According to a banal anecdote that is unfortunately still often quoted, Henry Kissinger asked Zhou Enlai in 1972 what impact the French Revolution had had on Western civilization as a whole. Zhou was famously said to have responded, in a clear allusion to the Cultural Revolution, “Too soon to tell.” His response is often held up as an example for the caution, patience, and sagacity for which the Premier is known both domestically and abroad. But like that reputation, the story is actually just self-serving nonsense. First, the anecdote is apocryphal: Zhou apparently thought Kissinger was asking about the events of May 1968. But even if Zhou were commenting on the French Revolution, his answer would merely testify to the moral cowardice that characterized Zhou's career. Just as the verdict on the French Revolution was clear to the innocents on the scaffold, neither was it too soon to judge the Cultural Revolution for those who endured nightly interrogation and humiliation, or for those whose family members were beaten and left to die in the street. The fact that historical understanding only comes belatedly does not excuse anyone from moral responsibility—if it did, it would excuse everyone.
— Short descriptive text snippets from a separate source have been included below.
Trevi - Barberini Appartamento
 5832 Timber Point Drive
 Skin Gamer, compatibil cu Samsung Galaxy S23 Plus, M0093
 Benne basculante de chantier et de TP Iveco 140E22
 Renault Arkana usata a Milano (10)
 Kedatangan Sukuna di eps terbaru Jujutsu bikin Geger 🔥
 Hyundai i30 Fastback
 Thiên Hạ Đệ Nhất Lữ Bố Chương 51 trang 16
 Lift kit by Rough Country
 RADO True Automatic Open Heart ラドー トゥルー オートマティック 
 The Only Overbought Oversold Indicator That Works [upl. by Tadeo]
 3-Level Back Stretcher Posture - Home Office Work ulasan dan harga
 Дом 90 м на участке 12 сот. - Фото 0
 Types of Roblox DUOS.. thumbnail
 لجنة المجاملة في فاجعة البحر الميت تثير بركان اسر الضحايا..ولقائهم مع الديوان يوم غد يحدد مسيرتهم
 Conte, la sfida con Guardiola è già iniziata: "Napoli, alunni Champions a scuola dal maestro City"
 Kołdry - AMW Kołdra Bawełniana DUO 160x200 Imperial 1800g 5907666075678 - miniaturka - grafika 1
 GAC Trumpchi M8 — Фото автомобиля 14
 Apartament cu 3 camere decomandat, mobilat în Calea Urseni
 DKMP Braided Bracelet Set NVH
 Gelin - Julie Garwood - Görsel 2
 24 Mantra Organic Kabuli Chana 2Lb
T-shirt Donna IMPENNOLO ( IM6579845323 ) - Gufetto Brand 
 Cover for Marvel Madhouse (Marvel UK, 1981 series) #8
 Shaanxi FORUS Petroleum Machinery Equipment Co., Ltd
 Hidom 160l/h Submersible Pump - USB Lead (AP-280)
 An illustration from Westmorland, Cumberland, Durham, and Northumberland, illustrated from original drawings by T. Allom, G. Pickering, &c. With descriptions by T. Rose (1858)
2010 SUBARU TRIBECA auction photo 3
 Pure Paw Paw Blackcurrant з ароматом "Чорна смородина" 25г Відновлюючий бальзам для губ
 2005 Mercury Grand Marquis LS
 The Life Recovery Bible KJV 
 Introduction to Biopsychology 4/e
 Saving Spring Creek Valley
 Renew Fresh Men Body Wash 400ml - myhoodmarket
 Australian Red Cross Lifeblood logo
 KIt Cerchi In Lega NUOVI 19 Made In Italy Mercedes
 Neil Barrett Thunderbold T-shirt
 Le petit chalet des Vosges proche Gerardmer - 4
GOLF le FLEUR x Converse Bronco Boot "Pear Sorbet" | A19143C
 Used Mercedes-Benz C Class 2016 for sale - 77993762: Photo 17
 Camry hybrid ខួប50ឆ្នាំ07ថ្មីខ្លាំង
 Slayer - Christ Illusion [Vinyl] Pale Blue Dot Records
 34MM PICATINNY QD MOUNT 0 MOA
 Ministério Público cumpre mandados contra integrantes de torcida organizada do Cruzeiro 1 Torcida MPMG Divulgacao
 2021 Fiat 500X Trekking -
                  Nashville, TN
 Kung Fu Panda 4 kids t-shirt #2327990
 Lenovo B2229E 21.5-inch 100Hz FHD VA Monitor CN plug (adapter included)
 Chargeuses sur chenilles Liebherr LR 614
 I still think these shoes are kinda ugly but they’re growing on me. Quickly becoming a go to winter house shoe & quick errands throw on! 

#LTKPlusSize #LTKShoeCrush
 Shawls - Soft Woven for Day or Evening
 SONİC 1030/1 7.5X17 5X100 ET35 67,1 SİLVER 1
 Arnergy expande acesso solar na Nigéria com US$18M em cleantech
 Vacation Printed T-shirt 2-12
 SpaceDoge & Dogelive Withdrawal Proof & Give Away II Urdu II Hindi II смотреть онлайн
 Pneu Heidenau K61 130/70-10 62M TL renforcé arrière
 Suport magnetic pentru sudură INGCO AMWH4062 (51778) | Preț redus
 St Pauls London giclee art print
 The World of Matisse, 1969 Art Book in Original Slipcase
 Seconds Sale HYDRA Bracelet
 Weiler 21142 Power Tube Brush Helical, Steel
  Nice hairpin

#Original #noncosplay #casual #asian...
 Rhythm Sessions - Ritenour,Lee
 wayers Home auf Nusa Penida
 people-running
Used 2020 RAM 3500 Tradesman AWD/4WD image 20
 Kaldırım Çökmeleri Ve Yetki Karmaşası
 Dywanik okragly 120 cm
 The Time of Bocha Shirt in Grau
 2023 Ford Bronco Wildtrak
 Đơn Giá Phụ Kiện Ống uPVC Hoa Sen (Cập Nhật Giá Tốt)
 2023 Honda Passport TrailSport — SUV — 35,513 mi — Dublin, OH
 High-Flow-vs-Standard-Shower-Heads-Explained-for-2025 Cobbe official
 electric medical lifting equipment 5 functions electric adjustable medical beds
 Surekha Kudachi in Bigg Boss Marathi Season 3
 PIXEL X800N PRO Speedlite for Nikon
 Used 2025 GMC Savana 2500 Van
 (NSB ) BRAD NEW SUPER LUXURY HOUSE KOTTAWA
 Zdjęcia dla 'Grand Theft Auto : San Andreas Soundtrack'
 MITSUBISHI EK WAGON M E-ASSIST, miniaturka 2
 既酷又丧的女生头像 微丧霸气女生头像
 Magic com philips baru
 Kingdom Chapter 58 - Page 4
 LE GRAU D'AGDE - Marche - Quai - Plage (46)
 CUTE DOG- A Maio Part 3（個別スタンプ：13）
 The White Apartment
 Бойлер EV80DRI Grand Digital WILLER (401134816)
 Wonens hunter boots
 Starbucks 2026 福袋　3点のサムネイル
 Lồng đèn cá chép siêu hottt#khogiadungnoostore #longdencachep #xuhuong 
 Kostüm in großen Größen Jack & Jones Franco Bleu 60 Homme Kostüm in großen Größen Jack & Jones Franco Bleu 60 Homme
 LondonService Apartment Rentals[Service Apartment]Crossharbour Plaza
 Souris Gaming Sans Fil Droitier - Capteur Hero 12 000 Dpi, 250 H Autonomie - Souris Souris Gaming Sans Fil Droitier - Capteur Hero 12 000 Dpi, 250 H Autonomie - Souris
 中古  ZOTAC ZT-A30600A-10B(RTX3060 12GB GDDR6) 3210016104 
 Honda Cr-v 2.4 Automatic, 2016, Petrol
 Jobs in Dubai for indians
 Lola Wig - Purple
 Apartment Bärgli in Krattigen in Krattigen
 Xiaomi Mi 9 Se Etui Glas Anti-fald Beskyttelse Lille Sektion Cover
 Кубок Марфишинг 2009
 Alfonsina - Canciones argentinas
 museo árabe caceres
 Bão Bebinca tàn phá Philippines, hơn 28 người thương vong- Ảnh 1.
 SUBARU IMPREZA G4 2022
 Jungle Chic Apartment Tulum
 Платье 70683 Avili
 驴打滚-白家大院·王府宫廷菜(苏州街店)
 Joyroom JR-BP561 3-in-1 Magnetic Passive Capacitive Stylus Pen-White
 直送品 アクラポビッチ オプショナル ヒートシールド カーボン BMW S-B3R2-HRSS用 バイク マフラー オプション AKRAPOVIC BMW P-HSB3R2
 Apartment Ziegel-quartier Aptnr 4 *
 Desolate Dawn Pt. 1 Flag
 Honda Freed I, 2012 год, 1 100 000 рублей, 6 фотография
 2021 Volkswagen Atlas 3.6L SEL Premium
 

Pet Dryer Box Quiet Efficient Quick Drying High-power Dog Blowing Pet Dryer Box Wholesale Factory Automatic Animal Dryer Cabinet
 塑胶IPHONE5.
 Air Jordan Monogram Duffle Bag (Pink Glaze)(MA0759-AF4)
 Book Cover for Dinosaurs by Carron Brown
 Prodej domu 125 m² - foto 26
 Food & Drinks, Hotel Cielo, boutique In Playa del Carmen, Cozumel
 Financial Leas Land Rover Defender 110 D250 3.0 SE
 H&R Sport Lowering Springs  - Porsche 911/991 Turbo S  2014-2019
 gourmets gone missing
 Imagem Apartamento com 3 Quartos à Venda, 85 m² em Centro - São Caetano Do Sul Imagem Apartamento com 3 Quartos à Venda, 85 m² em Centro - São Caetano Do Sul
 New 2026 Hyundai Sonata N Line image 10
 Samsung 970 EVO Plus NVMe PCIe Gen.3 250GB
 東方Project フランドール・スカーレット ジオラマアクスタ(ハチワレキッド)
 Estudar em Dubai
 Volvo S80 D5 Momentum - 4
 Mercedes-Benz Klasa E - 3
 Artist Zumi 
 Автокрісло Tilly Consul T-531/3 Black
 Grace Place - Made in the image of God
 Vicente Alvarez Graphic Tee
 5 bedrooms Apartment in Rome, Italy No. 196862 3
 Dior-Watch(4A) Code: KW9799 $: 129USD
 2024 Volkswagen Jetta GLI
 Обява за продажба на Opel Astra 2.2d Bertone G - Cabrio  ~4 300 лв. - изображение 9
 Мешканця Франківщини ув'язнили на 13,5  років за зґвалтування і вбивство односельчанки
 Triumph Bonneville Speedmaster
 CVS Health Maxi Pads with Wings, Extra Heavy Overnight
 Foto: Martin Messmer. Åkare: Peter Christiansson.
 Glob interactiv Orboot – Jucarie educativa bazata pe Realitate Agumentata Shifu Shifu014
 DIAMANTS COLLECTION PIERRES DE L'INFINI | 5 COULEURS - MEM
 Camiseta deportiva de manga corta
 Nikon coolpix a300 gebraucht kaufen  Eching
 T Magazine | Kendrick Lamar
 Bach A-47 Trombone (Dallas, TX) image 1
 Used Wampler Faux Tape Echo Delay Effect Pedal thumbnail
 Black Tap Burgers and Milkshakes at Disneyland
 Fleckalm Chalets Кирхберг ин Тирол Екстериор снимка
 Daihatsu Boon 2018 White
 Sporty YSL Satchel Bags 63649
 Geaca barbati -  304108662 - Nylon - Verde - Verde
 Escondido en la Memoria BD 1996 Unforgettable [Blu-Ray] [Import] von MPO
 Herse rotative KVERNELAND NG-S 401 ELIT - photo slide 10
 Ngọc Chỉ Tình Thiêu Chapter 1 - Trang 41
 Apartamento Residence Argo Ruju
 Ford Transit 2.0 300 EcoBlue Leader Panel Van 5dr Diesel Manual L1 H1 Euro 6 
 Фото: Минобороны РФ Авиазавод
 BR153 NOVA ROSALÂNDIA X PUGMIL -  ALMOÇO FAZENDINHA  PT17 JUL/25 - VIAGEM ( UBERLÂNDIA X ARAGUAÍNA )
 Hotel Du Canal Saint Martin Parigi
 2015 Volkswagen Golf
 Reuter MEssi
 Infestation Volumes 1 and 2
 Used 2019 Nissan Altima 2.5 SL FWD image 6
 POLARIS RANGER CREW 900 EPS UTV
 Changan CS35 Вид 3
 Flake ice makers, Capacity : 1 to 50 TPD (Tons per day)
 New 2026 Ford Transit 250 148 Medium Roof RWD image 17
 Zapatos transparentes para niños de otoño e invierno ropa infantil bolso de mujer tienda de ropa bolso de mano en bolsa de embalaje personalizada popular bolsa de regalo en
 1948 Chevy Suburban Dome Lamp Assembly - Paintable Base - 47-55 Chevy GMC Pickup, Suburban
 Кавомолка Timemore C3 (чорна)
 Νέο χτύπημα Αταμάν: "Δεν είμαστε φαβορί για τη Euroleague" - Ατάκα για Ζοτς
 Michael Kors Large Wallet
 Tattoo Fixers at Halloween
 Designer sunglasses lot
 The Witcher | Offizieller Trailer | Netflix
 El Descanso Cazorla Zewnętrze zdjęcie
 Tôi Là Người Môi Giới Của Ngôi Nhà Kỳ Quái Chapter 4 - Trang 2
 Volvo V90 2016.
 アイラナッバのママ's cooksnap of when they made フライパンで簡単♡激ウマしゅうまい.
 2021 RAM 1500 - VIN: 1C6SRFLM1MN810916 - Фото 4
Those rare perpetrators of the Cultural Revolution who are held responsible now ask for a perpetually suspended sentence from history. Nie Yuanzi, still alive at the ripe old age of ninety-five, tells anyone who will listen that she was a pawn, and that, having spent nineteen years in prison, she too was a victim. It is impossible now to correct every injustice inflicted over the course of that horrible decade, but it is possible to refute the claims of people like Nie that they had no choice but to swim with the current of history, and that they did nothing but what everyone else did. Not everyone was without malice; not everyone was, as Andrew Walder put it, fighting not to lose. Nie and many like her, eager for personal advancement, pounced on their personal rivals. Indifferent to the pain of others, they were savage even when they could afford to be merciful. They did not hesitate but instead rushed to conform to, and in many cases even exceed, political dictates that ruined lives, the meaning and purpose of which neither they nor their leaders understood. In the bleakest of ironies, their behavior fit perfectly Marx's definition of ideology: they did not know what they were doing, but they were doing it.